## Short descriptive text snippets
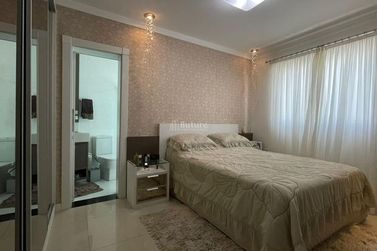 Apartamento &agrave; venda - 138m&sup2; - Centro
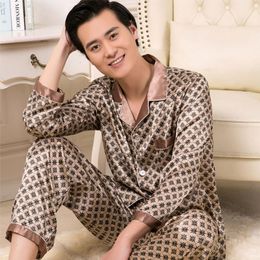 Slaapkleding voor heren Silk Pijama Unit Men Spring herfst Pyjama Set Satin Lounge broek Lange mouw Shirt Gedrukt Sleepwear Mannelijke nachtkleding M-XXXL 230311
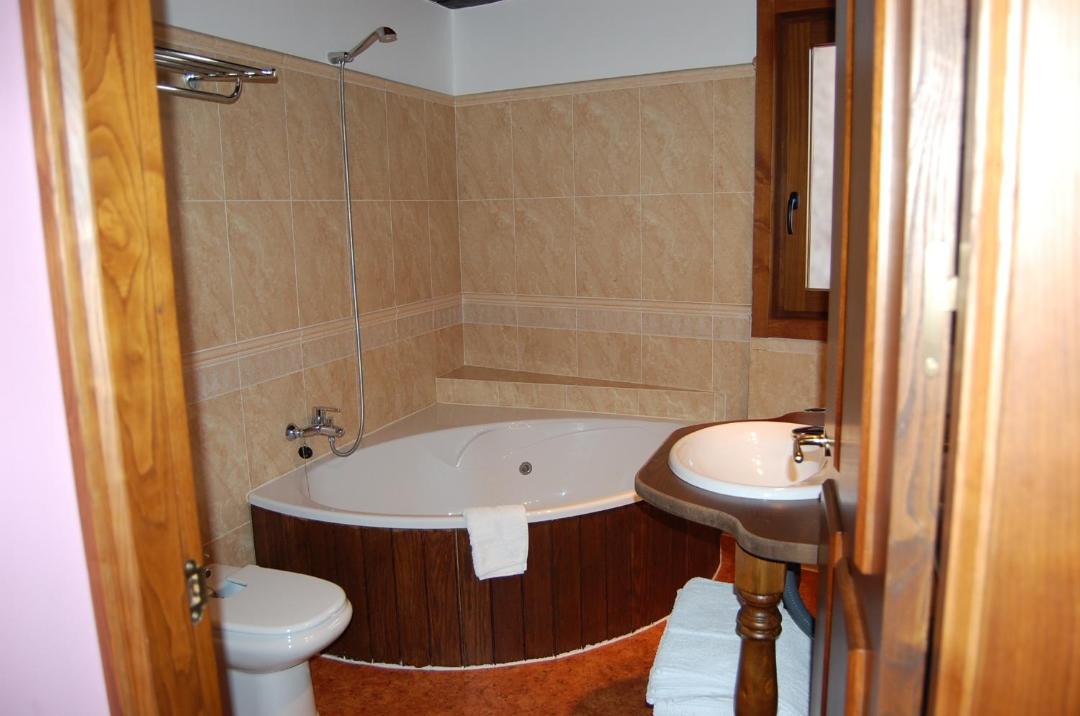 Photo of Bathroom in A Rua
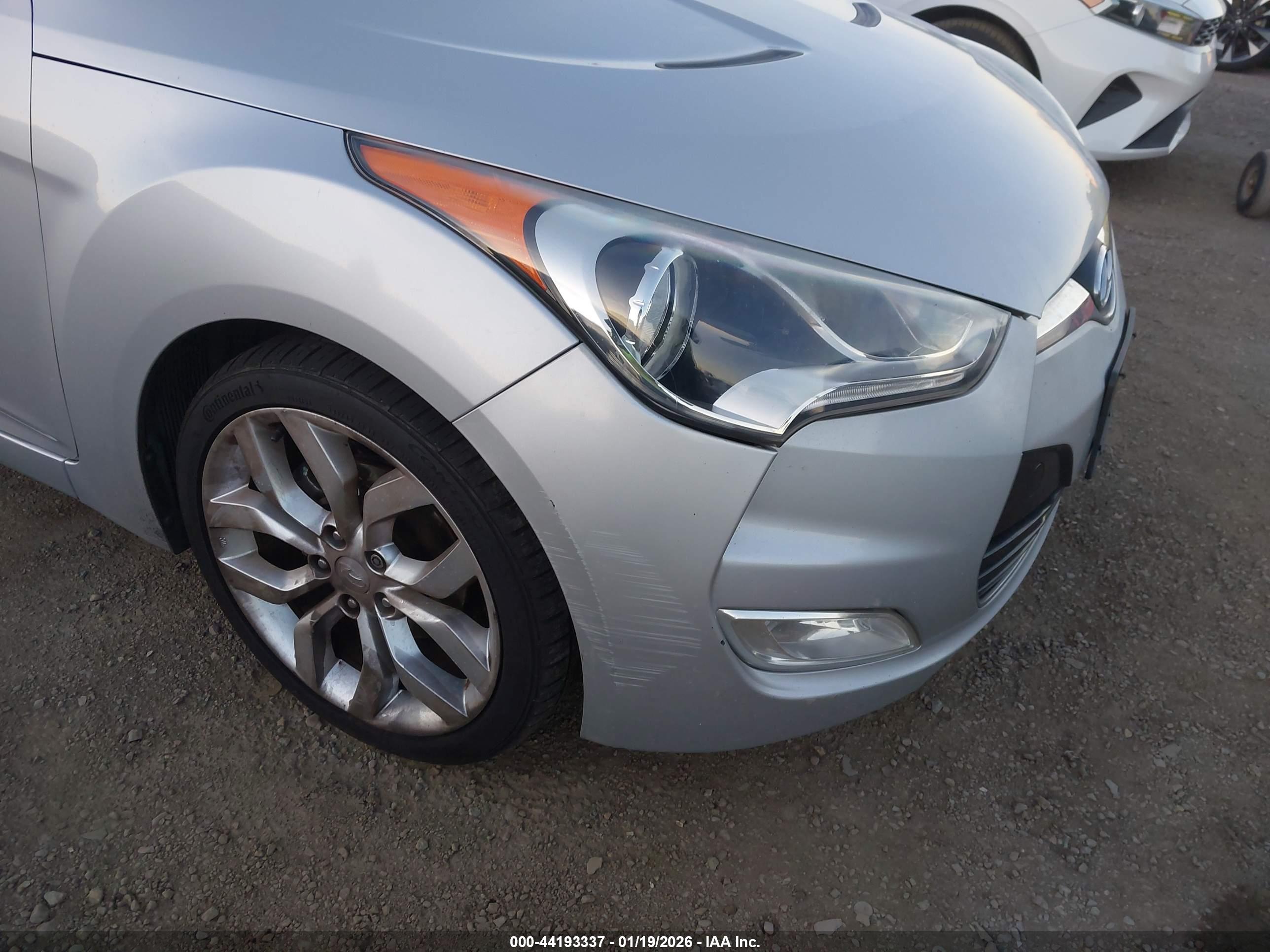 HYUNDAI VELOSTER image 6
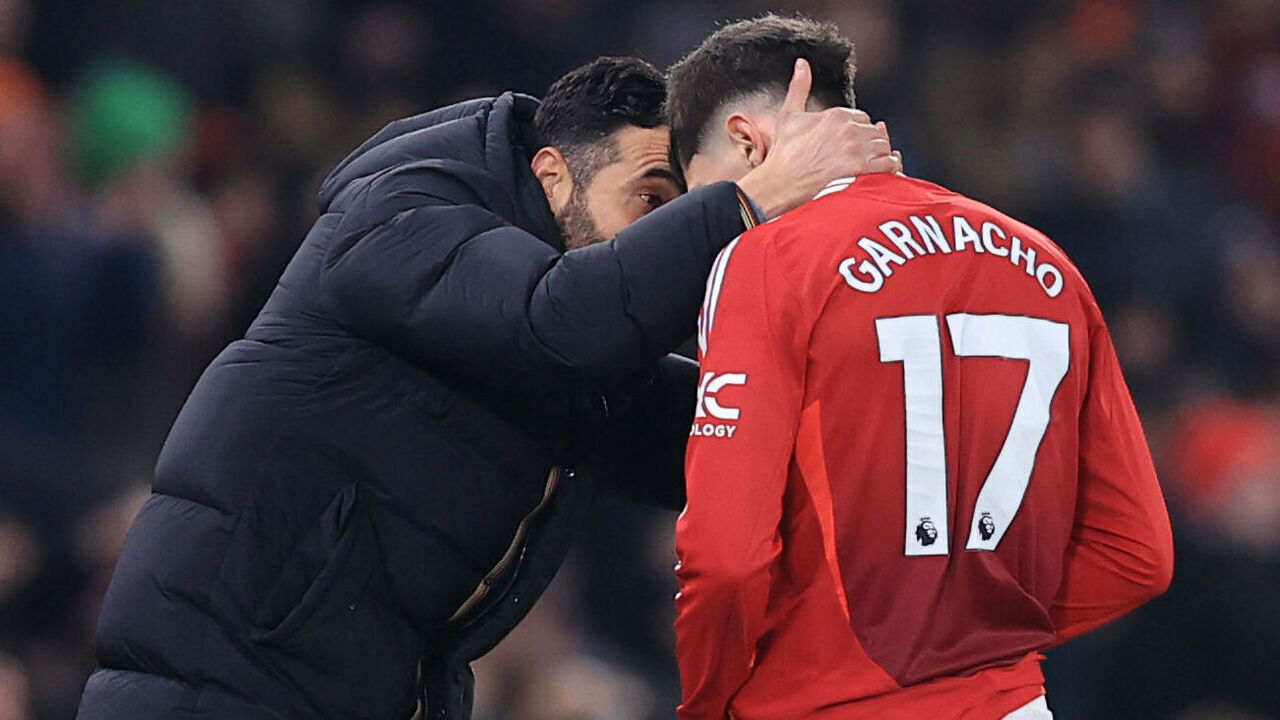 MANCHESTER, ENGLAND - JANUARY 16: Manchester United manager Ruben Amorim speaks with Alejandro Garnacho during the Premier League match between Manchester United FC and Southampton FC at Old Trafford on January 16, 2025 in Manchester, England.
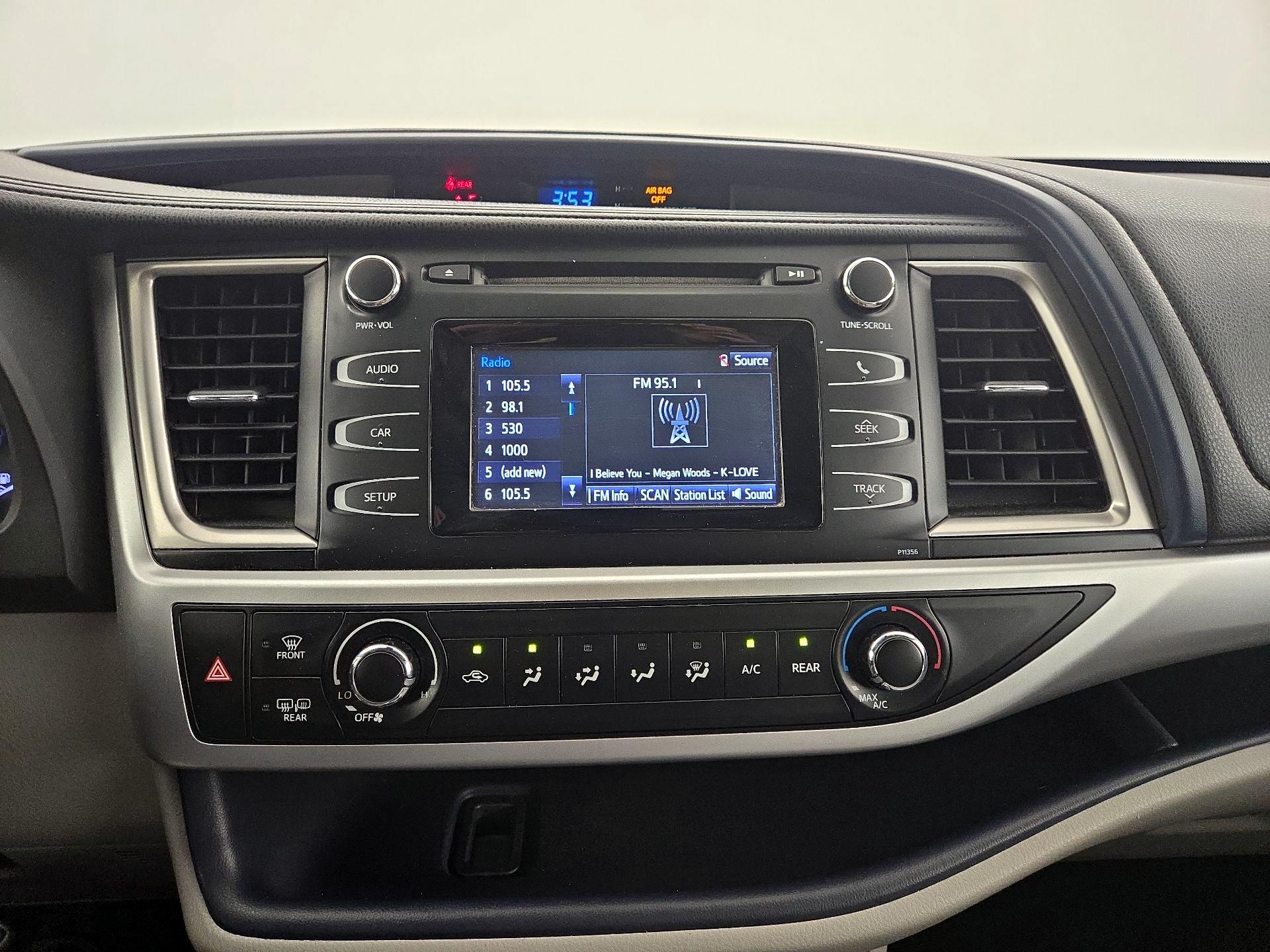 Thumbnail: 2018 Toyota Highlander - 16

## TASK DIRECTIONS
Reproduce only the lines from the line with "Photo of Bathroom in A Rua" to the end of the entries. Keep both ends, copy them exactly, and omit every picture.

## ANSWER SPACE
 Photo of Bathroom in A Rua
 HYUNDAI VELOSTER image 6
 MANCHESTER, ENGLAND - JANUARY 16: Manchester United manager Ruben Amorim speaks with Alejandro Garnacho during the Premier League match between Manchester United FC and Southampton FC at Old Trafford on January 16, 2025 in Manchester, England.
 Thumbnail: 2018 Toyota Highlander - 16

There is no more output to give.